Ashes of the Singularity User Benchmarks Thread

TheELF · Sep 2, 2015

Erenhardt said:
Also, do we know what is the 'compute task' we are dealing here with? It may very well be something that is dependent on the architecture/memory/cache capacity/speed/latency and have no relevance in real world performance.

Do we know if the async computing they use in ashes will have any relevance in real world performance?
Meaning any other game except for ashes.

Flapdrol1337 · Sep 2, 2015

Zstream said:
Your definition of faster is interesting.

I was just looking at the quoted numbers.

but isn't 20ms a shorter time than 6.79ms + 16.21ms, making it faster?

Keysplayr · Sep 2, 2015

AtenRa said:
I though they had 80% of Gaming market, how come they didnt have win 10 access before August 2015 ??

Show me in this thread where anybody isn't talking about dGPUs as the primary focus of the discussion. Unless I missed it, any and all charts posted in this thread are dGPUs only, which is where Nvidia DOES have 80% market share.
Not the entire Gaming market. Nobody is showing charts for APUs or IGPs or Consoles in this thread. So your eyeroll is sorely misguided.

Erenhardt · Sep 2, 2015

sontin said:
http://developer.amd.com/community/blog/2015/06/05/concurrency-in-modern-3d-graphics-apis/

Would make it hard to use more queues.

It's not that simple and you're purposefully ignoring provided explanation, deflect and derail the discussion for the sole reason of trolling.

http://www.overclock.net/t/1569897/...ingularity-dx12-benchmarks/1710#post_24368195

Aside from the Async stuff...

Here's what I think they did at Beyond3D:
They set the amount of threads, per kernel, to 32 (they're CUDA programmers after-all).
They've bumped the Kernel count to up to 512 (16,384 Threads total).
They're scratching their heads wondering why the results don't make sense when comparing GCN to Maxwell 2

Here's why that's not how you code for GCN

Why?:
Each CU can have 40 Kernels in flight (each made up of 64 threads to form a single Wavefront).
That's 2,560 Threads total PER CU.
An R9 290x has 44 CUs or the capacity to handle 112,640 Threads total.

If you load up GCN with Kernels made up of 32 Threads you're wasting resources. If you're not pushing GCN you're wasting compute potential. In slide number 4, it stipulates that latency is hidden by executing overlapping wavefronts. This is why GCN appears to have a high degree of latency but you can execute a ton of work on GCN without affected the latency. With Maxwell/2, latency rises up like a staircase with the more work you throw at it. I'm not sure if the folks at Beyond3D are aware of this or not.

Conclusion:

I think they geared this test towards nVIDIAs CUDA architectures and are wondering why their results don't make sense on GCN. If true... DERP! That's why I said the single Latency results don't matter. This test is only good if you're checking on Async functionality.

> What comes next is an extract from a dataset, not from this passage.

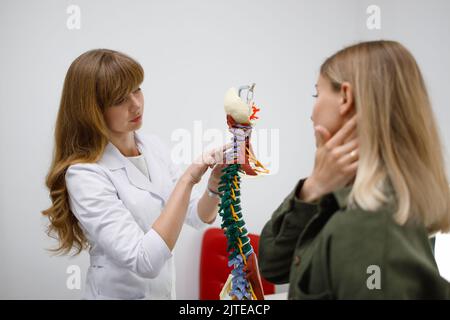 Orthopäde oder Neurologe zeigt den weiblichen Patienten die Problembereiche am Modell der Wirbelsäule und erklärt die Ursache ihrer Schmerzen Stockfoto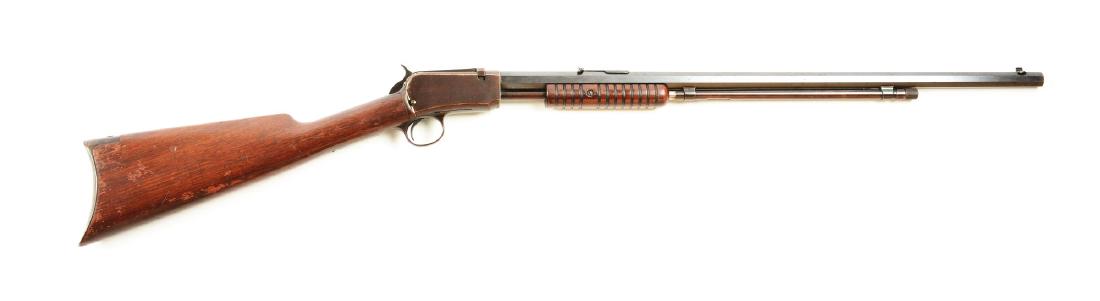 (C) Winchester Model 1890 Slide Action Rifle.: Manufactured 1920. Pretty standard fare that features full octagon barrel, 2/3 magazine, tube fed, takedown, blued finish, grooved walnut forend, and walnut rifle buttstock. Barrel retain about 80-90%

GCN was built for Parallelism, not serial workloads like nVIDIAs architectures. This is why you don't see GCN taking a hit with 512 Kernels.

What did Oxide do? They built two paths. One with Shaders Optimized for CUDA and the other with Shaders Optimized for GCN. On top of that GCN has Async working. Therefore it is not hard to determine why GCN performs so well in Oxide's engine. It's a better architecture if you push it and code for it. If you're only using light compute work, nVIDIAs architectures will be superior.

This means that the burden is on developers to ensure they're optimizing for both. In the past, this hasn't been the case. Going forward... I hope they do. As for GameWorks titles, don't count them being optimized for GCN. That's a given. Oxide played fair, others... might not.

Erenhardt · Sep 2, 2015

TheELF said:
Do we know if the async computing they use in ashes will have any relevance in real world performance?
Meaning any other game except for ashes.

LOL what?!

I mean, there is some logic in here, because ashes is Sci-Fi kinda themed. Nor a real world sandbox simulation type of game... :awe:

Jubassi · Sep 2, 2015

Awesome, thanks this helped alot! DX12 gain/loss vs DX11 were interesting

Silverforce11 · Sep 2, 2015

Flapdrol1337 said:
But it is a bit faster.

You can't do graphics + compute without any penalty to graphics. It'll at least use extra power, focing the clocks down.

The only thing that matters is the total performance.

You missed the latter part of my post, go here:

Credits to Nub: http://nubleh.github.io/async/#36

That charts out all the results so far. Move your mouse across and look at the times for the graphics or compute individually, then combined async compute, and also time saved. Notice all the Maxwell GPUs doesn't get much faster in async mode than the sum of the individual tasks.

There's a +/- 4ms for each kernel but over the kernals, its basically a sum of graphics & compute for Maxwell trying to operate in "Async Mode". It shouldn't be a sum.

Man it's so simple maths...

Either the app to test it is not doing it right, or Kepler & Maxwell cannot do Async Compute.

monstercameron · Sep 2, 2015

Keysplayr said:
Show me in this thread where anybody isn't talking about dGPUs as the primary focus of the discussion. Unless I missed it, any and all charts posted in this thread are dGPUs only, which is where Nvidia DOES have 80% market share.
Not the entire Gaming market. Nobody is showing charts for APUs or IGPs or Consoles in this thread. So your eyeroll is sorely misguided.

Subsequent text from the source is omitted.